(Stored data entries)
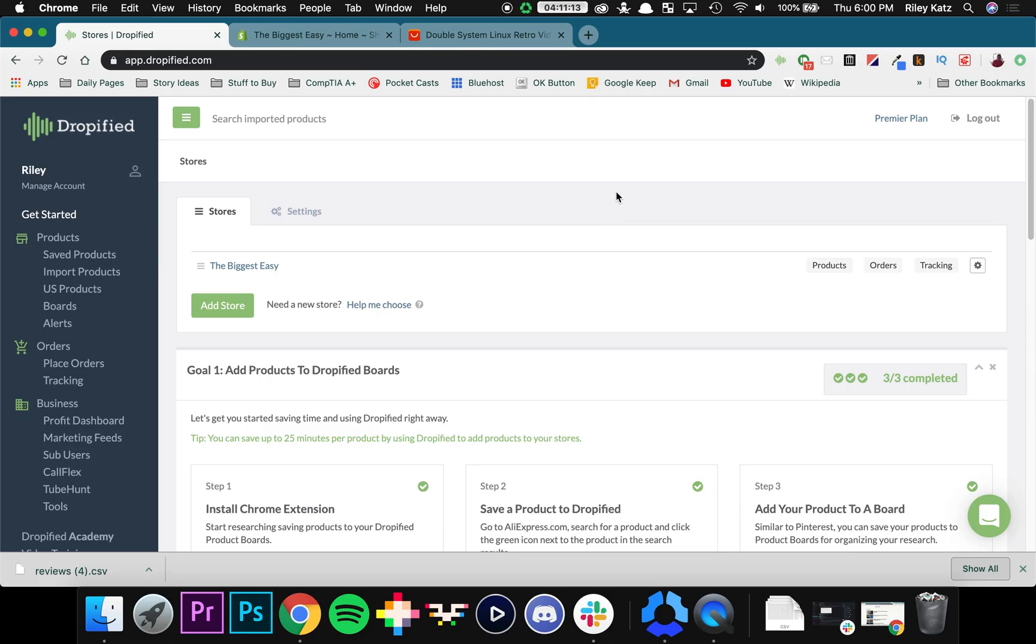Hey everyone and welcome back to another Dropified video training tutorial. In this video I'm going to show you what to do if you've just started with Dropified and need to migrate some of your products from your existing Shopify store into Dropified. So what we're going to do is go into our Shopify store over here.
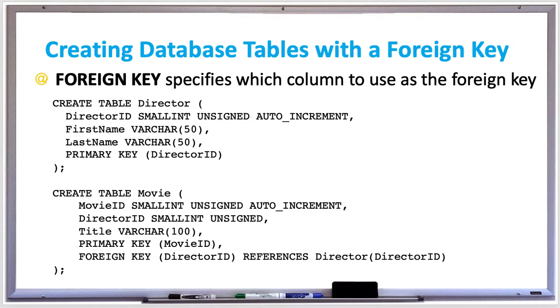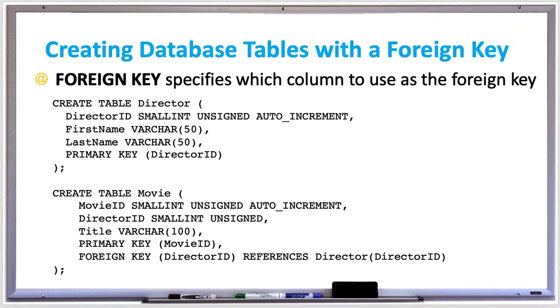When you're creating database tables, in addition to primary keys, you can also specify foreign key constraints. The foreign key keyword specifies which column to use as the foreign key and is typically a primary key to another table. You can use the foreign key keywords in a create table statement or you can even use it in an alter table statement to update a table later to add a foreign key.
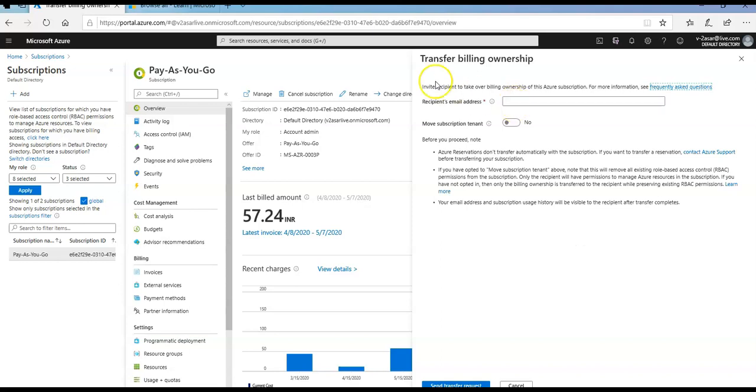It says invite a recipient to take over billing ownership of this Azure subscription. If I mention an email address here, recipient's email address, let's say I enter one of my email IDs or any other email ID.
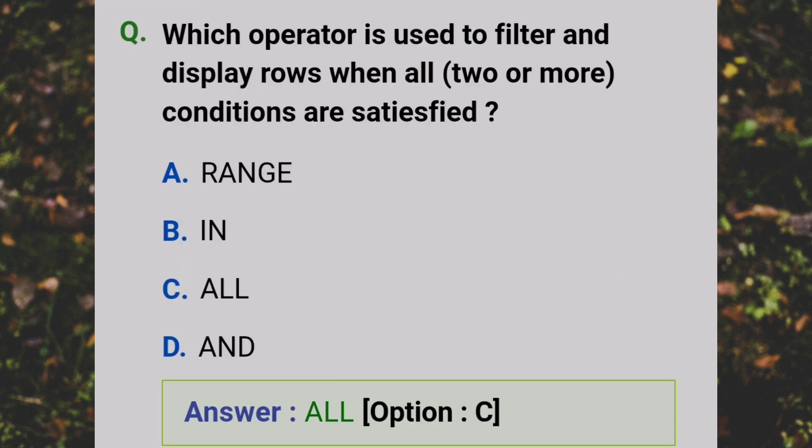Which operator is used to filter and display rows when all two or more conditions are satisfied? Answer: C - AND.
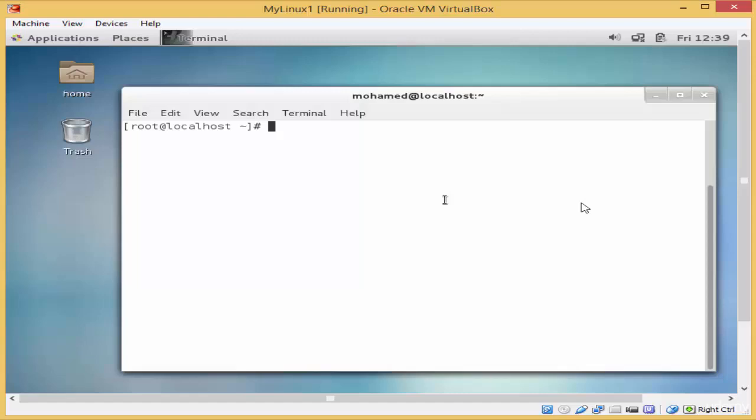Hello guys and welcome to a new lesson in Linux. This lesson is about making directories using the mkdir command.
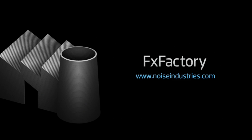FX Factory offers a huge selection of great plug-ins, and if you don't have them yet, I suggest you go try them out at noiseindustries.com.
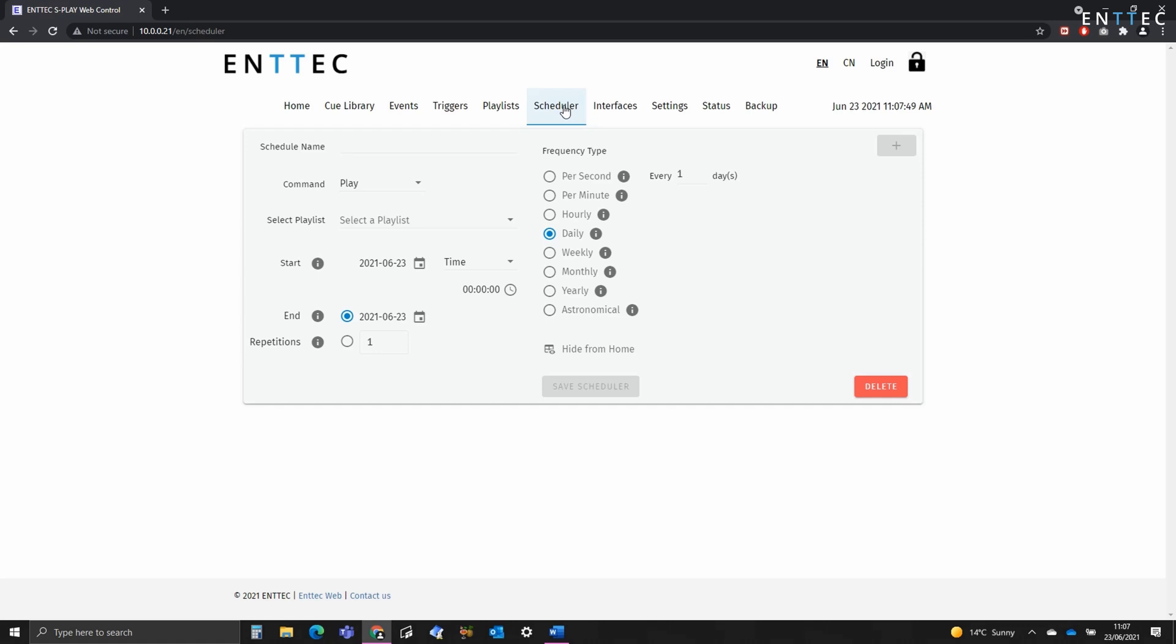The Splay Scheduler allows you to playback, pause or stop playlists based on the time and date. For schedules to work correctly, your time and location must be set on the settings page.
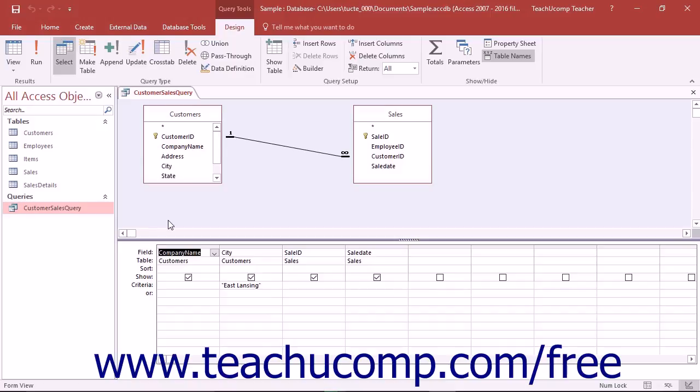SQL stands for Structured Query Language, and it is a multi-platform language used to access and retrieve data within many different database programs.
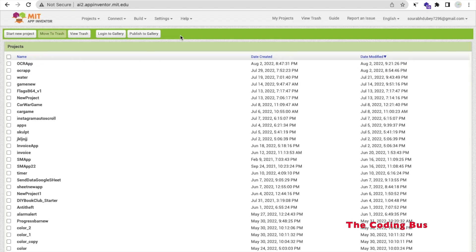Hello everyone! In this video, I'm going to show you how we can create an OCR app using MIT App Inventor. This app can convert any image to text. I already created a demo of this app in the last video, so you can watch that video. Now in this video, we will create this app step by step.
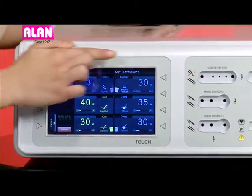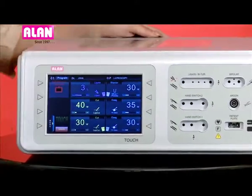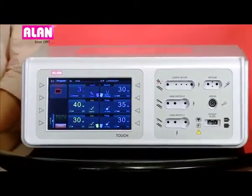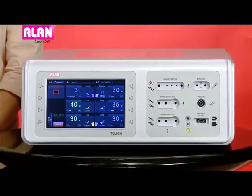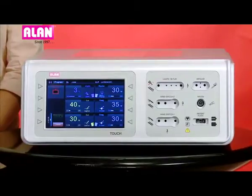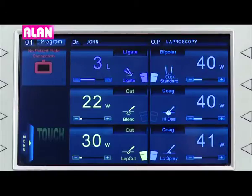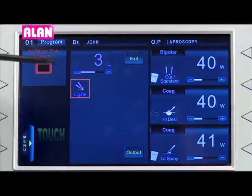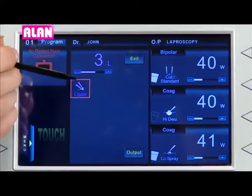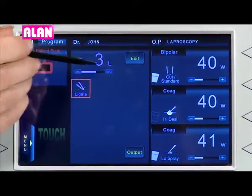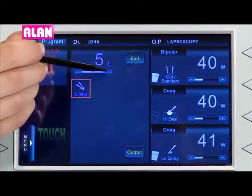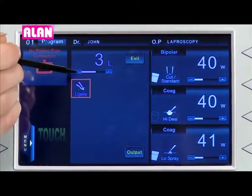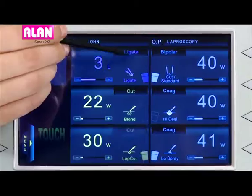Each window shows the currently selected power mode and footswitch selections. To change the power level and mode, touch the mode icon, select the desired mode, and select the desired power level.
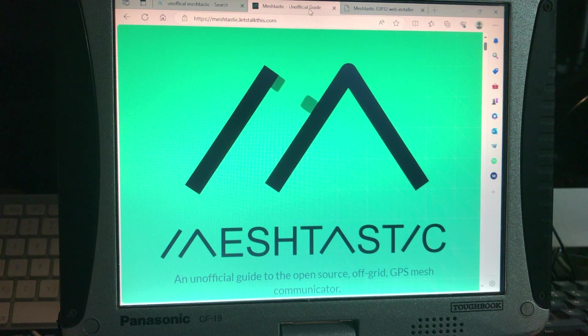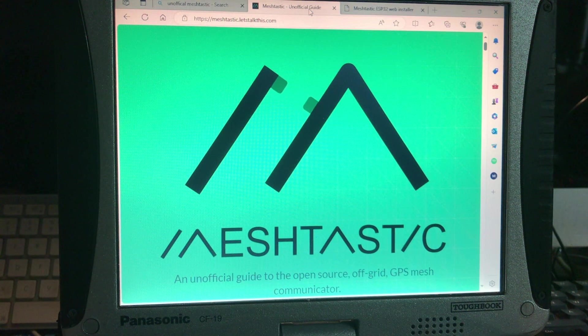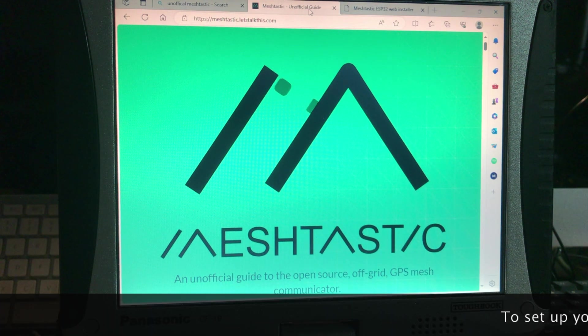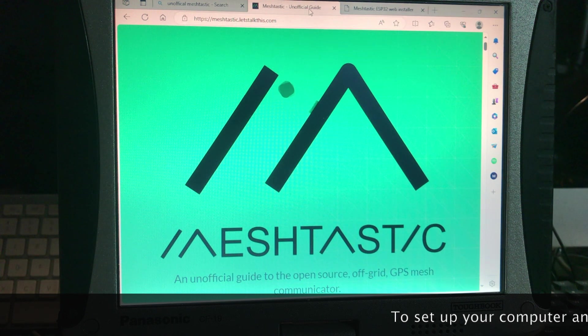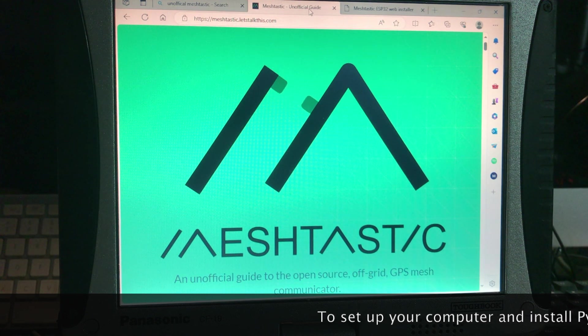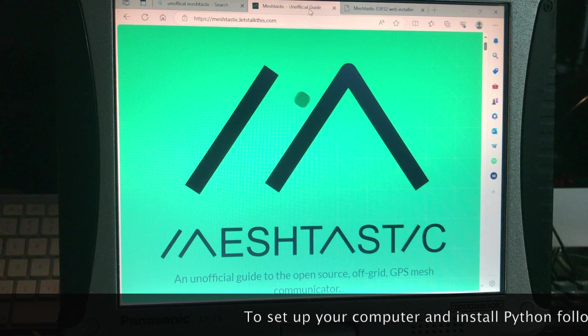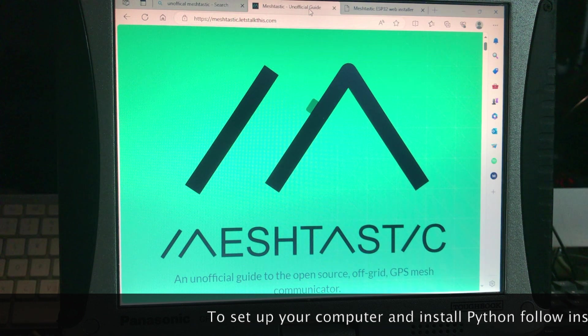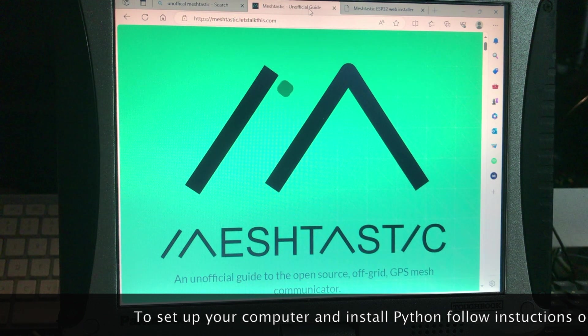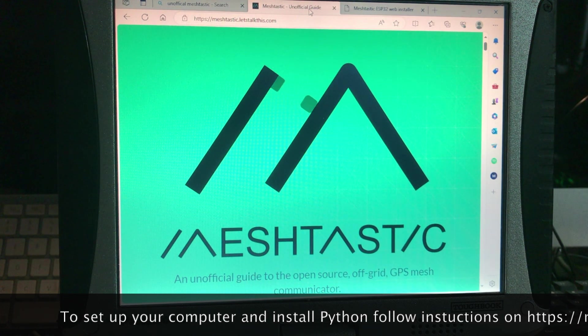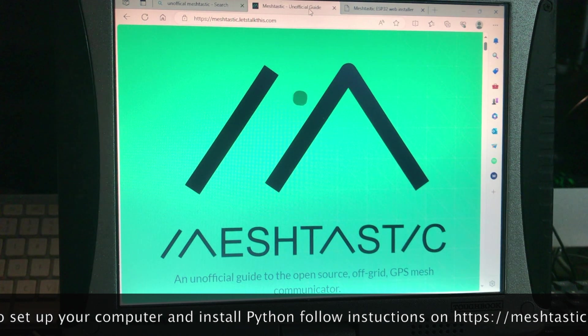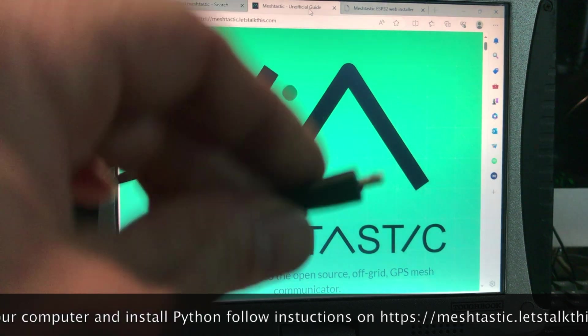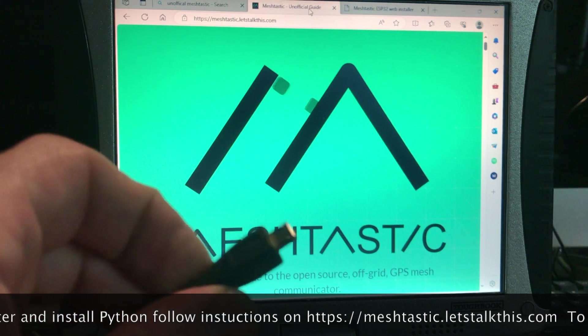So first thing you got to do is go to - I'm not going to really go through this because it's really easy and has nothing to do with MeshTastic. It's just an open source program called Python and Python is what you're going to use to talk to, like from your computer, you're going to talk to the T-beam via a USB cord.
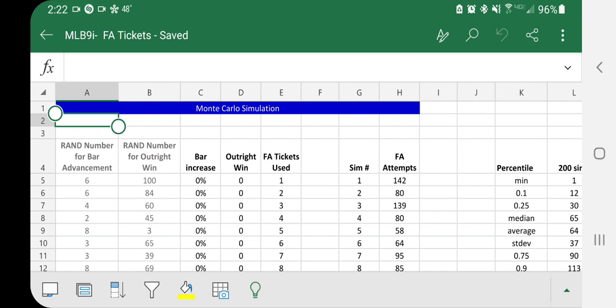So there's two variables going on with free agents. One is you have a 1% chance of getting that free agent outright. And then a 10% chance of moving the bar 10%. And once you have a full bar, you'll get them on the next try automatically.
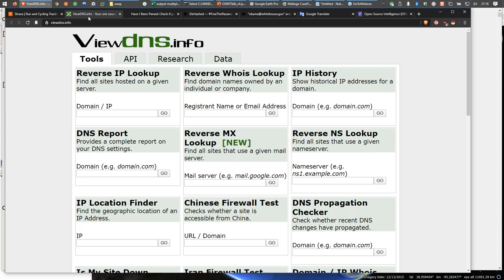Before GDPR hit — the privacy regulations over in Europe — we were able to query that WHOIS database and say, 'Who owns this domain?' and it would give us name, address, and phone numbers. Then GDPR hit and we lost access to some of that information. But one of the interesting things is that when you register a domain, you have to give the registrar an email address so they can contact you.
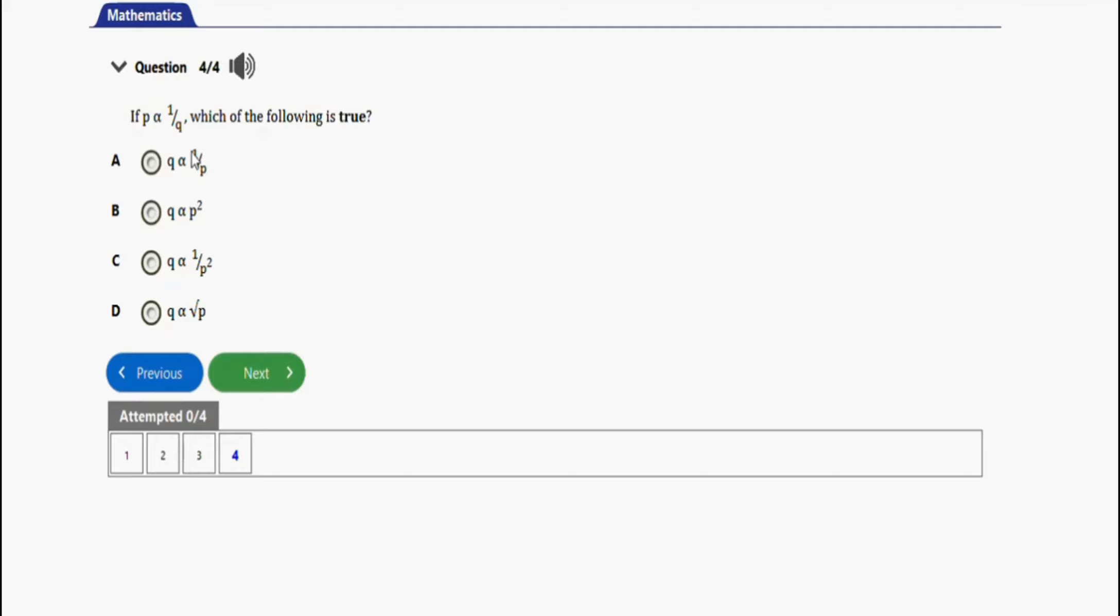So the right option for this question would be option B. If p varies inversely as q, then q also varies inversely as p. Okay, so the opposite of each other. The right option here is option B.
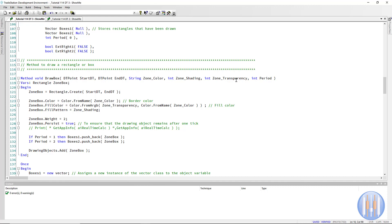The method also takes an integer for zone shading, an integer for zone transparency (0 to 255), and a 'period one' flag to assign rectangles into different vectors for each time period. Inside the method, we create the rectangle using `rectangle.create` with the start DT, end DT, color, fill color, fill pattern, weight (hardcoded as 2), and persist set to true — so it remains on the chart on redraws. The rectangle is then added to the appropriate vector and to the chart.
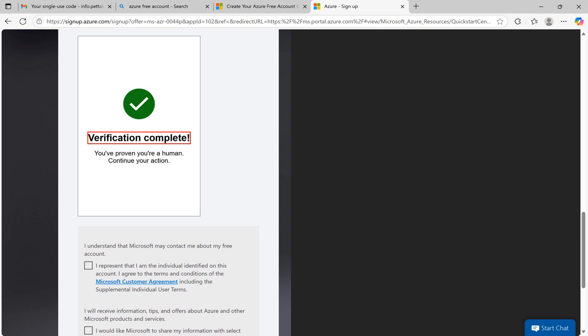Once you complete, you will get verification complete message.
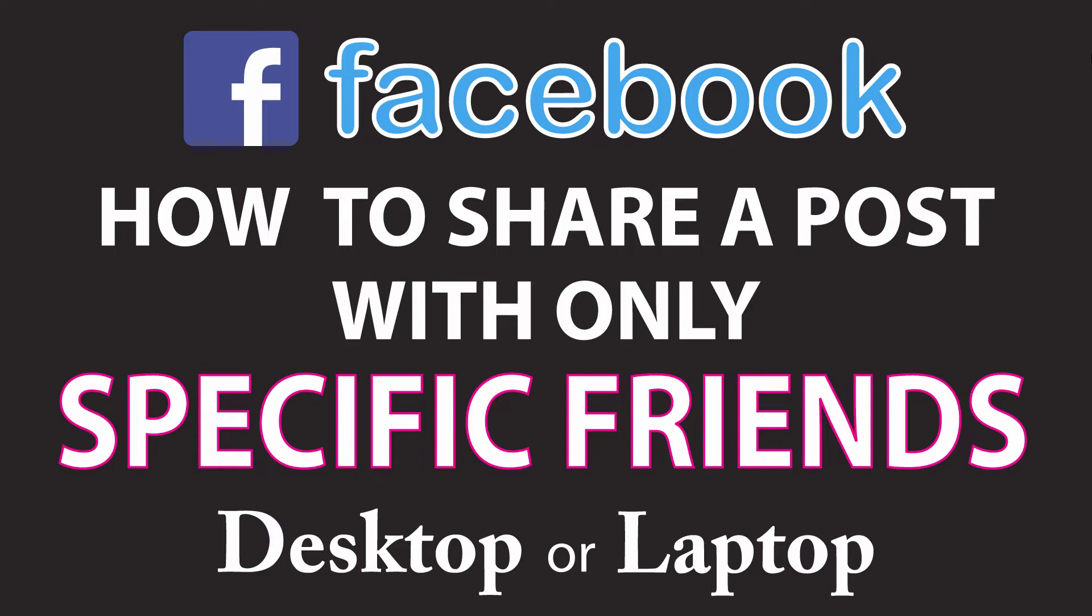This is going to be a video tutorial on how to share a Facebook post with only specific friends. I'll be using the Google Chrome browser on a desktop PC for this.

* _What the exercise asks_
The records above are to be transcribed word for word. Skip the images.

* _Task solution_
Hey everyone and welcome back to another Dropified video training tutorial. In this video I'm going to show you what to do if you've just started with Dropified and need to migrate some of your products from your existing Shopify store into Dropified. So what we're going to do is go into our Shopify store over here.
When you're creating database tables, in addition to primary keys, you can also specify foreign key constraints. The foreign key keyword specifies which column to use as the foreign key and is typically a primary key to another table. You can use the foreign key keywords in a create table statement or you can even use it in an alter table statement to update a table later to add a foreign key.
It says invite a recipient to take over billing ownership of this Azure subscription. If I mention an email address here, recipient's email address, let's say I enter one of my email IDs or any other email ID.
Which operator is used to filter and display rows when all two or more conditions are satisfied? Answer: C - AND.
Hello guys and welcome to a new lesson in Linux. This lesson is about making directories using the mkdir command.
FX Factory offers a huge selection of great plug-ins, and if you don't have them yet, I suggest you go try them out at noiseindustries.com.
The Splay Scheduler allows you to playback, pause or stop playlists based on the time and date. For schedules to work correctly, your time and location must be set on the settings page.
SQL stands for Structured Query Language, and it is a multi-platform language used to access and retrieve data within many different database programs.
Hello everyone! In this video, I'm going to show you how we can create an OCR app using MIT App Inventor. This app can convert any image to text. I already created a demo of this app in the last video, so you can watch that video. Now in this video, we will create this app step by step.
Each window shows the currently selected power mode and footswitch selections. To change the power level and mode, touch the mode icon, select the desired mode, and select the desired power level.
So first thing you got to do is go to - I'm not going to really go through this because it's really easy and has nothing to do with MeshTastic. It's just an open source program called Python and Python is what you're going to use to talk to, like from your computer, you're going to talk to the T-beam via a USB cord.
So there's two variables going on with free agents. One is you have a 1% chance of getting that free agent outright. And then a 10% chance of moving the bar 10%. And once you have a full bar, you'll get them on the next try automatically.
Before GDPR hit — the privacy regulations over in Europe — we were able to query that WHOIS database and say, 'Who owns this domain?' and it would give us name, address, and phone numbers. Then GDPR hit and we lost access to some of that information. But one of the interesting things is that when you register a domain, you have to give the registrar an email address so they can contact you.
So the right option for this question would be option B. If p varies inversely as q, then q also varies inversely as p. Okay, so the opposite of each other. The right option here is option B.
The method also takes an integer for zone shading, an integer for zone transparency (0 to 255), and a 'period one' flag to assign rectangles into different vectors for each time period. Inside the method, we create the rectangle using `rectangle.create` with the start DT, end DT, color, fill color, fill pattern, weight (hardcoded as 2), and persist set to true — so it remains on the chart on redraws. The rectangle is then added to the appropriate vector and to the chart.
Once you complete, you will get verification complete message.
This is going to be a video tutorial on how to share a Facebook post with only specific friends. I'll be using the Google Chrome browser on a desktop PC for this.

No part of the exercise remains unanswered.